They Hate Change
An exciting project that redefines its own boundaries…
13 · 05 · 2022
There is little that can pin down Tampa Bay duo They Hate Change. As self-professed ‘Anglophiles’ the pair have steered away from the conventional tropes that fall under hip-hop, reaching for the niche and ever-evolving. The duo mark a friendship stumbled upon by the apartment complex that saw both through their teenage-hood, bringing together members Vonne and Dre. Drawing parallels between the rave-rabid spread of acid house across Florida and the UK, They Hate Change re-imagine the likes of jungle, breakbeat, happy hardcore and footwork into one, pointing towards Goldie, D Double E and Brian Eno as key influences. 2020’s EP ‘666 Central Ave’ is unabashed in its audacious, chaotic energy, setting the tone for the ‘bedroom rap all-stars.’

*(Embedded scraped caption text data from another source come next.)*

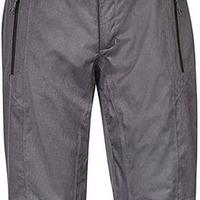 PANTALONI SCI "KILLTECH ENOSH". GRIGIO 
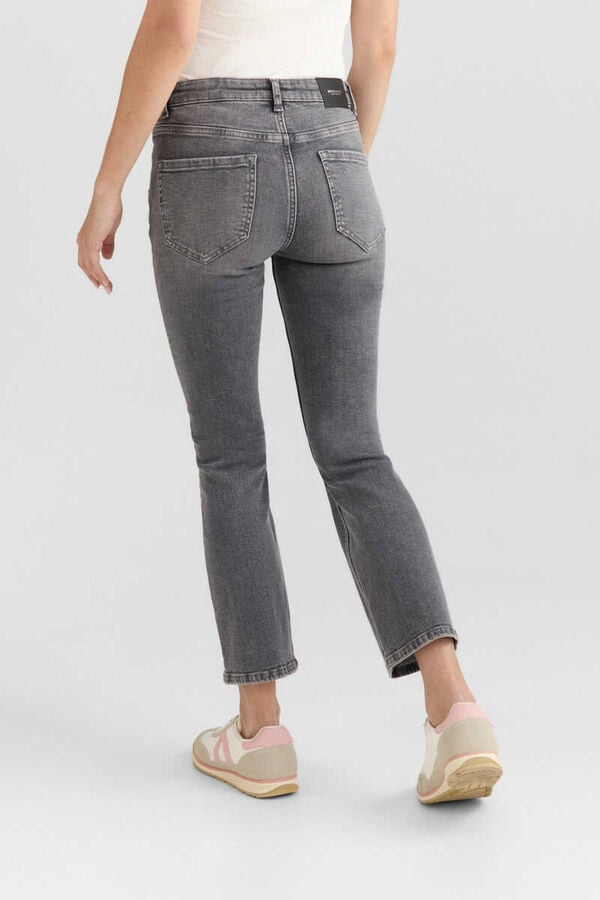 Jeans and jumper set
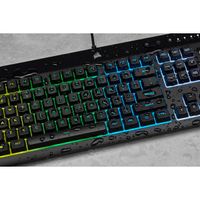 Miniatura 14 de TECLADO CORSAIR K55 RGB PRO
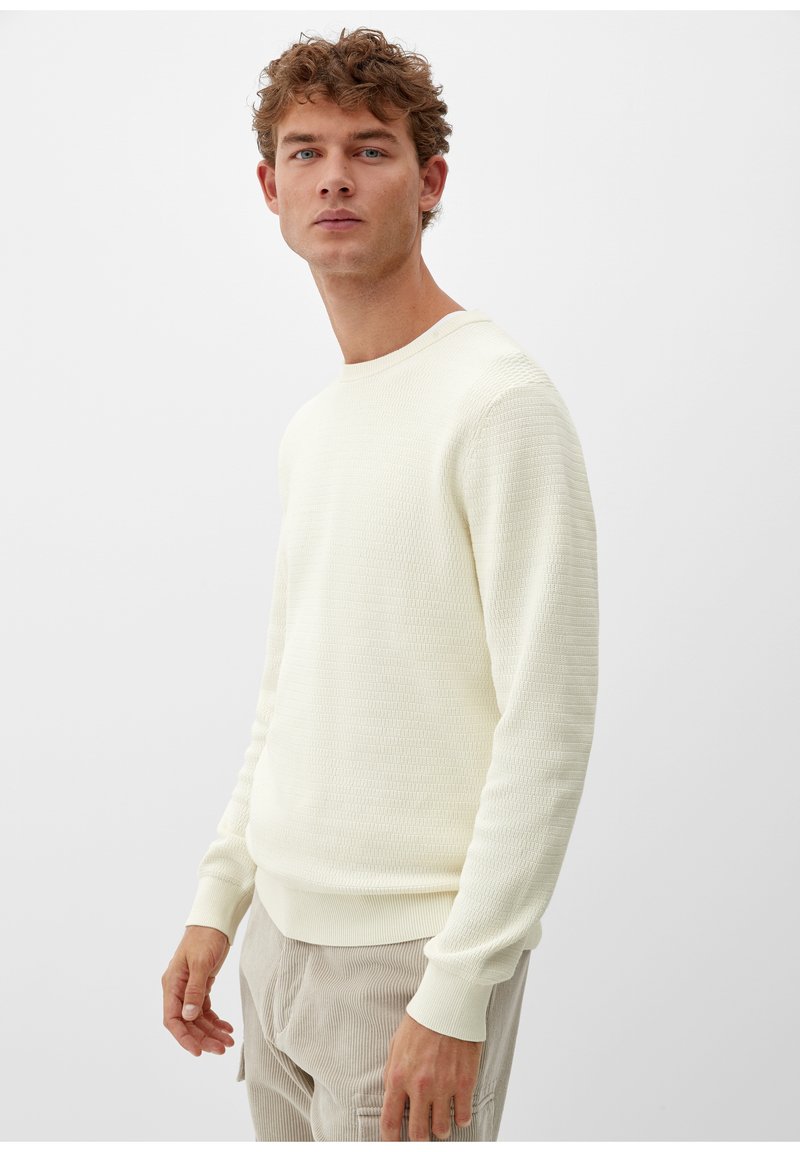 S.Oliver Maglione Uomo - Stile Casual E Comfort - 3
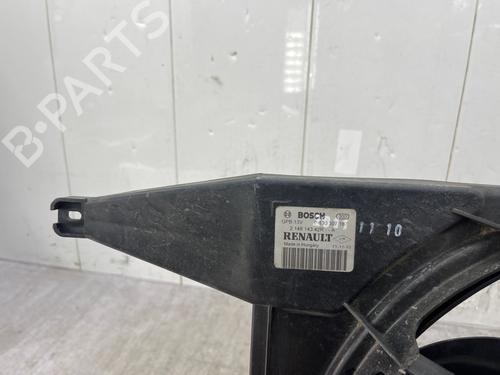 Radiator fan DACIA SANDERO 1.5 dCi | BP36148994M35 - Image 13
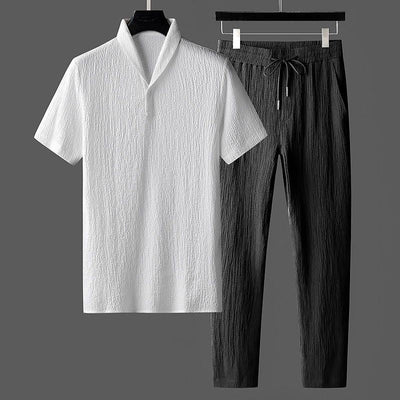 Ensemble pour Hommes Azure™ Classique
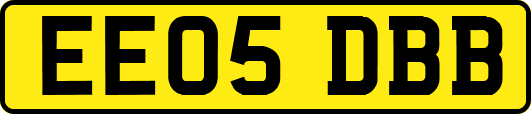 EE05DBB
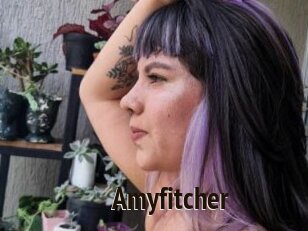 Amyfitcher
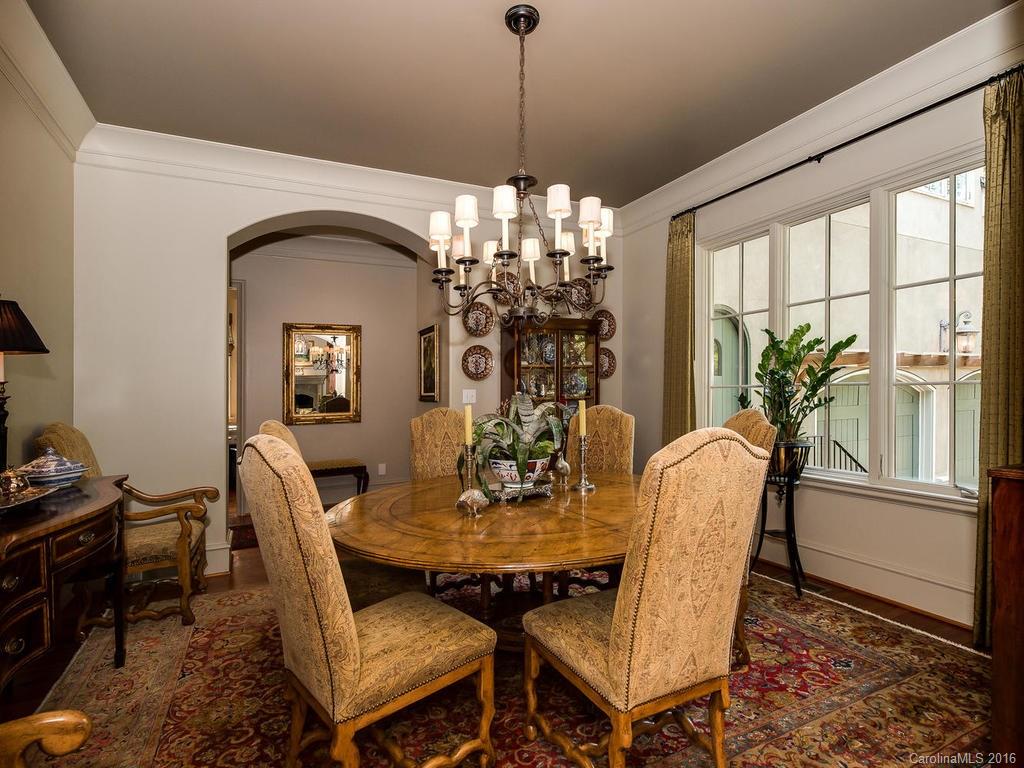 Eastover - Residential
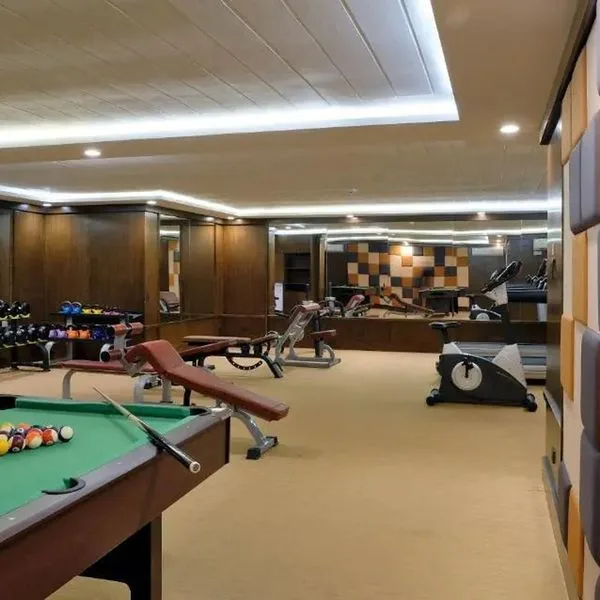 Be Resorts (Mactan) - zdjęcie 3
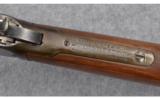Winchester 1892 Lever,
25-20 - 9 of 9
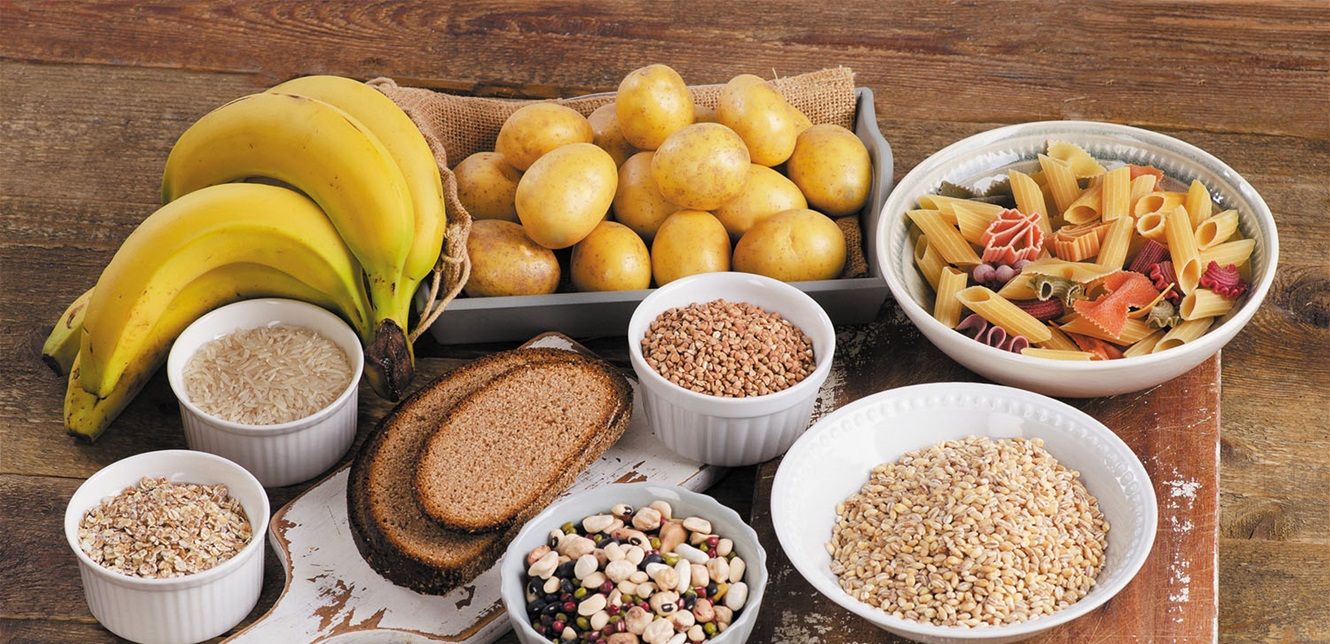 الأنظمة الغذائية منخفضة الكربوهيدرات يمكن أن تكون مفيدة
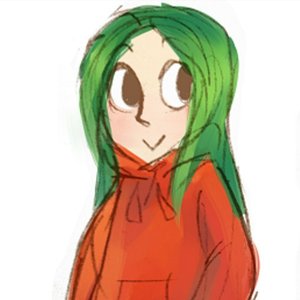 Avatar for Bwarch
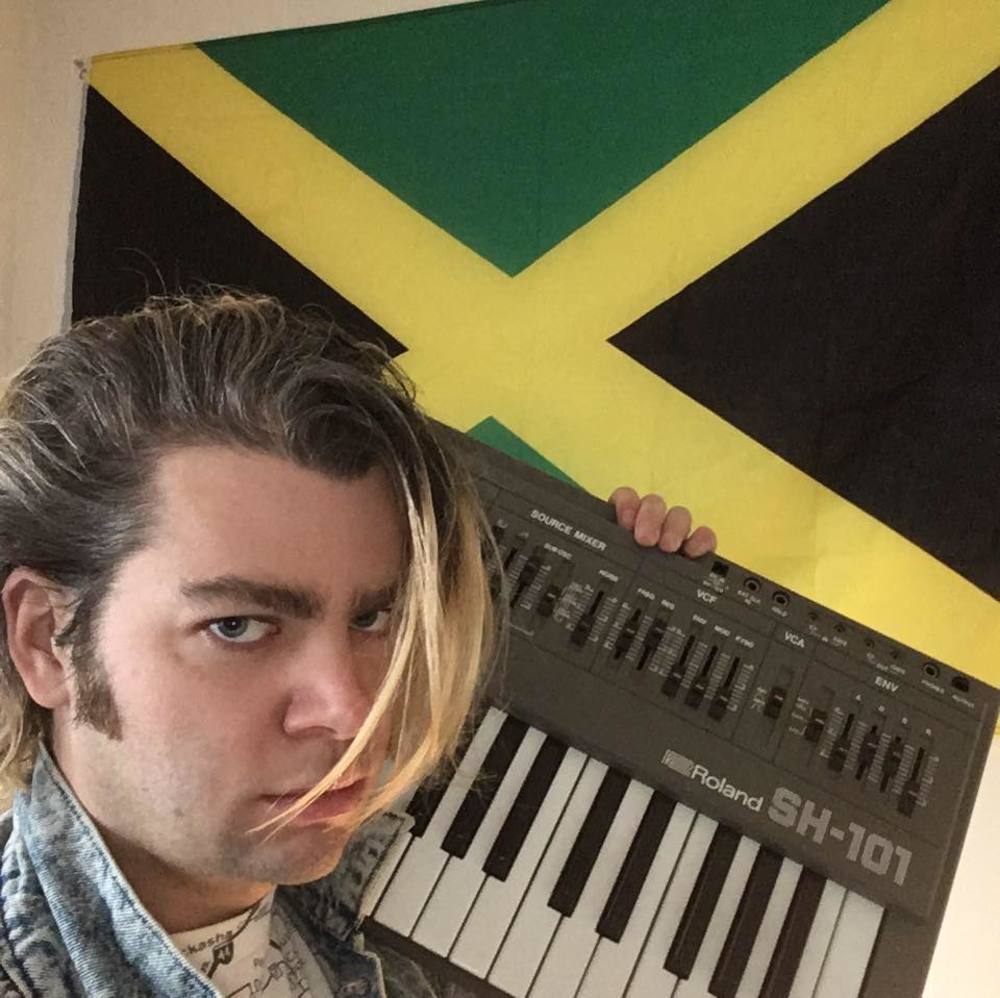 Meet your Posher, Niall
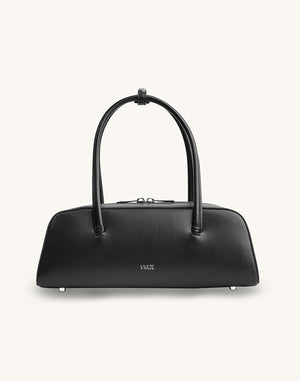 The Keypiece 001 Midnight Black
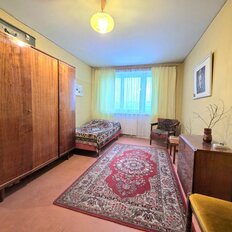 Квартира 33,8 м², 1-комнатная - изображение 5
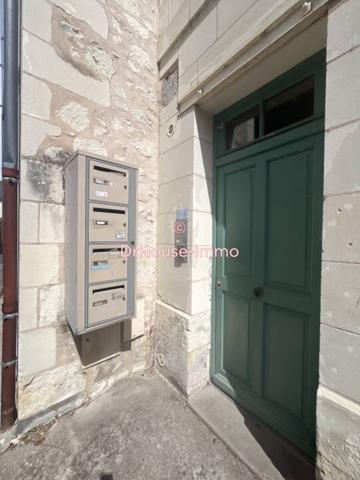 Appartement à louer 2 pièces de 36 m²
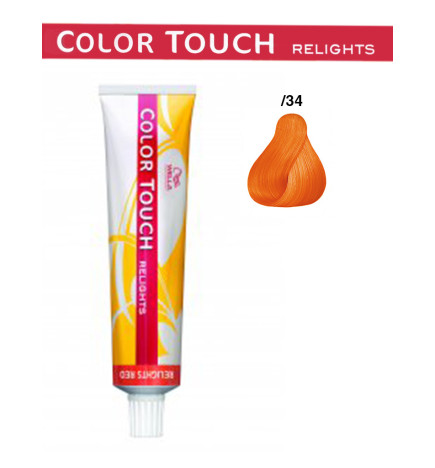 Color Touch N? /34 Wella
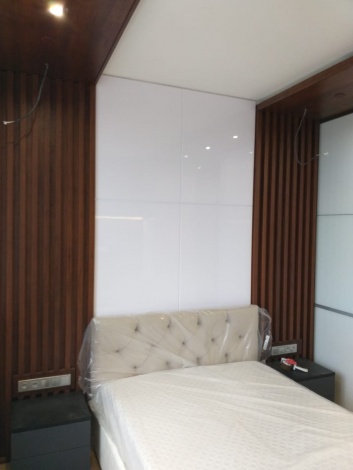 Заказ УТ78 шкаф в спальню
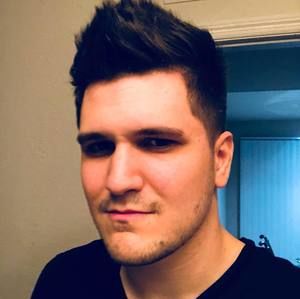 Meet your Posher, Kyle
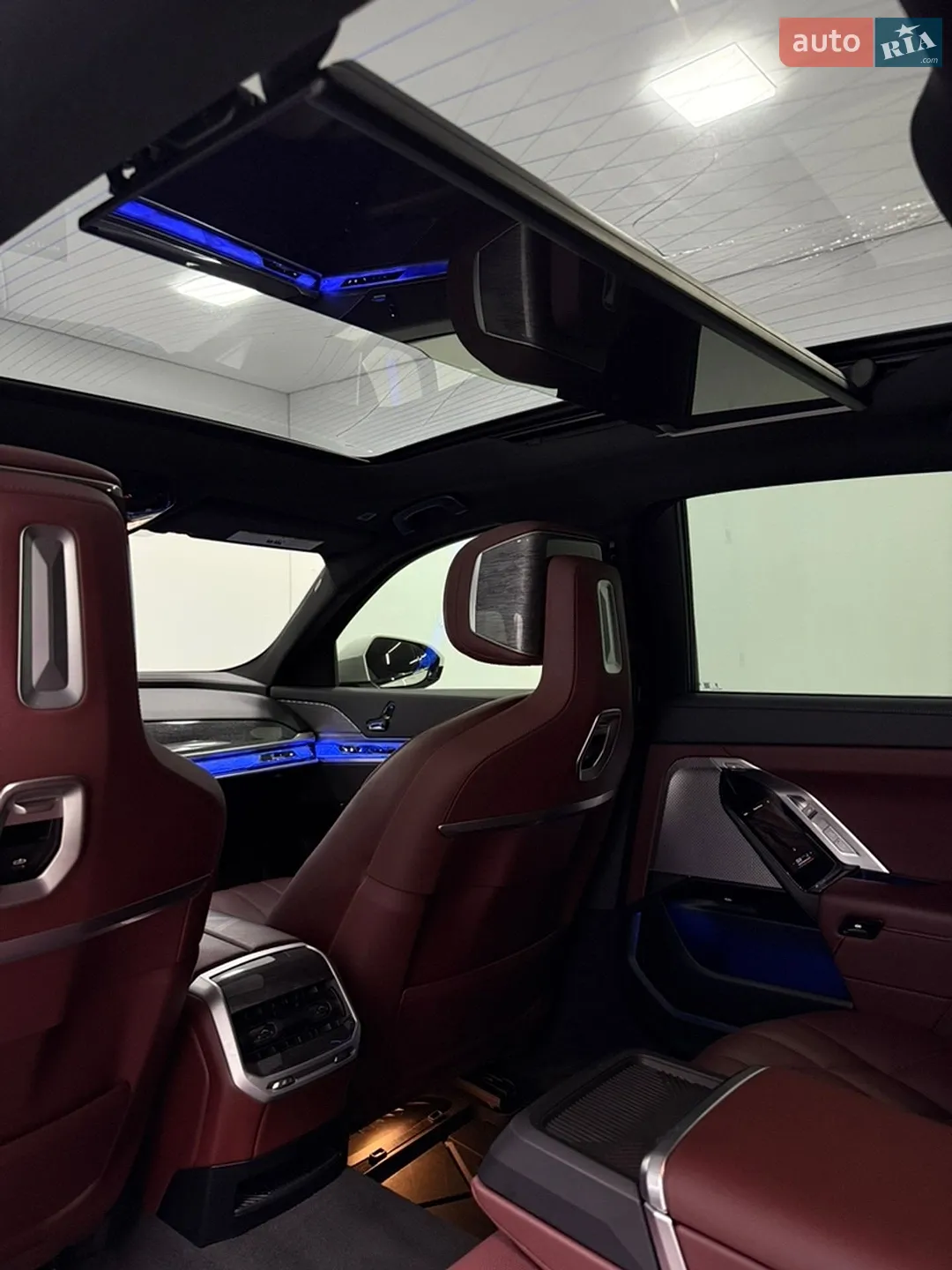2023 BMW 7er - мініатюра 27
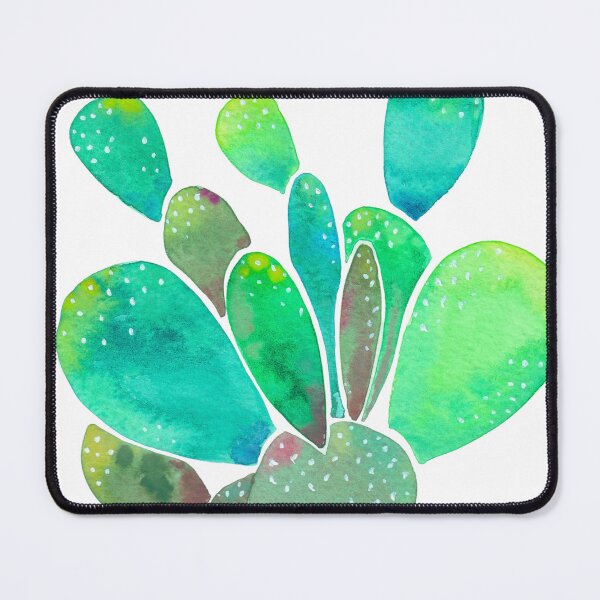 Item preview, Cacti designed and sold by Nugget Studio Arts.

Making a definitive step into their discography, They Hate Change’s debut album ‘Finally, New’ masters its genre-bending, finding a balance between club bangers and hip-hop leaning cuts. There is a more adaptive, focussed feel across the tracklist, piecing together a cohesive listen from start to finish. Weaving between their own styles and influences, Vonne and Dre share and interchange the role of producer and rapper throughout. Opening track ‘Stuntro’ eases listeners in, catching the duo in a mellow haze as they re-affirm “this what full creative control sound like.” Quick to pick up the tempo enters ‘Breathing,’ a swirling playful track that takes a sharp turn mid-way, throwing listeners into a sweat-inducing oldskool jungle beat repping a bumbling distorted bass and drums. They Hate Change sit between performing and MCing, both careful in their lyricism but also embedding themselves within a broader sound, needless to demand a vocal spotlight. Further into the project, highlight moments like ‘Blatant Localism’ bite back at the superficiality of rap stardom, setting the duo apart from their peers. “I’m addressing all of y’all if you’re tryna get specific…”
It is this same bold statement that projects itself across, particularly on the trickling ‘1000 Horses,’ flexing their artistic autonomy over DIY, lo-fi production. “We run them beats, them beats don’t run we.” In a way, the production across ‘Finally, New’ speaks for itself with standout single ’From The Floor,’ serving as a dark club night pulser. Relentless in its rhythm, the track is an entrancing approach to footwork with haunting lyrical delivery from Vonne and Dre. Directed by Xandra Robyn, the closer’s visuals directly reference Florida’s car culture and car park Electro parties, amplifying its underground sonics.
Making their debut on independent label Jagjaguwar (Junglepussy, Moses Sumney,) ‘Finally, New’ is a daring reach into the future. Firmly establishing itself amongst British sub-cultures at its own leisure, They Hate Change is a buzzing escapade that re-defines its own boundaries.